From 97848c10f9f8a8ce4296b149d06cab424eba05b3 Mon Sep 17 00:00:00 2001
From: Yury Norov <yury.norov@gmail.com>
Date: Sat, 17 Sep 2022 20:07:15 -0700
Subject: lib/bitmap: remove bitmap_ord_to_pos

Now that we have find_nth_bit(), we can drop bitmap_ord_to_pos().

Signed-off-by: Yury Norov <yury.norov@gmail.com>
---
 lib/bitmap.c | 36 +++---------------------------------
 1 file changed, 3 insertions(+), 33 deletions(-)

(limited to 'lib')

diff --git a/lib/bitmap.c b/lib/bitmap.c
index 3fc2e338ec30..1c81413c51f8 100644
--- a/lib/bitmap.c
+++ b/lib/bitmap.c
@@ -968,36 +968,6 @@ static int bitmap_pos_to_ord(const unsigned long *buf, unsigned int pos, unsigne
 	return bitmap_weight(buf, pos);
 }
 
-/**
- * bitmap_ord_to_pos - find position of n-th set bit in bitmap
- *	@buf: pointer to bitmap
- *	@ord: ordinal bit position (n-th set bit, n >= 0)
- *	@nbits: number of valid bit positions in @buf
- *
- * Map the ordinal offset of bit @ord in @buf to its position in @buf.
- * Value of @ord should be in range 0 <= @ord < weight(buf).

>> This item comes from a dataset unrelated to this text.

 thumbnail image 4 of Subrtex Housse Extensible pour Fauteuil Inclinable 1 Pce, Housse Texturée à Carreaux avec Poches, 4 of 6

If @ord
- * >= weight(buf), returns @nbits.
- *
- * If for example, just bits 4 through 7 are set in @buf, then @ord
- * values 0 through 3 will get mapped to 4 through 7, respectively,
- * and all other @ord values returns @nbits.  When @ord value 3
- * gets mapped to (returns) @pos value 7 in this example, that means
- * that the 3rd set bit (starting with 0th) is at position 7 in @buf.
- *
- * The bit positions 0 through @nbits-1 are valid positions in @buf.
- */
-unsigned int bitmap_ord_to_pos(const unsigned long *buf, unsigned int ord, unsigned int nbits)
-{
-	unsigned int pos;
-
-	for (pos = find_first_bit(buf, nbits);
-	     pos < nbits && ord;
-	     pos = find_next_bit(buf, nbits, pos + 1))
-		ord--;
-
-	return pos;
-}
-
 /**
  * bitmap_remap - Apply map defined by a pair of bitmaps to another bitmap
  *	@dst: remapped result
@@ -1047,7 +1017,7 @@ void bitmap_remap(unsigned long *dst, const unsigned long *src,
 		if (n < 0 || w == 0)
 			set_bit(oldbit, dst);	/* identity map */
 		else
-			set_bit(bitmap_ord_to_pos(new, n % w, nbits), dst);
+			set_bit(find_nth_bit(new, nbits, n % w), dst);
 	}
 }
 EXPORT_SYMBOL(bitmap_remap);
@@ -1086,7 +1056,7 @@ int bitmap_bitremap(int oldbit, const unsigned long *old,
 	if (n < 0 || w == 0)
 		return oldbit;
 	else
-		return bitmap_ord_to_pos(new, n % w, bits);
+		return find_nth_bit(new, bits, n % w);
 }
 EXPORT_SYMBOL(bitmap_bitremap);
 
@@ -1210,7 +1180,7 @@ void bitmap_onto(unsigned long *dst, const unsigned long *orig,
 	 * The following code is a more efficient, but less
 	 * obvious, equivalent to the loop:
 	 *	for (m = 0; m < bitmap_weight(relmap, bits); m++) {
-	 *		n = bitmap_ord_to_pos(orig, m, bits);
+	 *		n = find_nth_bit(orig, bits, m);
 	 *		if (test_bit(m, orig))
 	 *			set_bit(n, dst);
 	 *	}
-- 
cgit 


From 944c417daeb63fa345fe0f754c57a5a23ca6d701 Mon Sep 17 00:00:00 2001
From: Yury Norov <yury.norov@gmail.com>
Date: Sat, 17 Sep 2022 20:07:16 -0700
Subject: cpumask: add cpumask_nth_{,and,andnot}

Add cpumask_nth_{,and,andnot} as wrappers around corresponding
find functions, and use it in cpumask_local_spread().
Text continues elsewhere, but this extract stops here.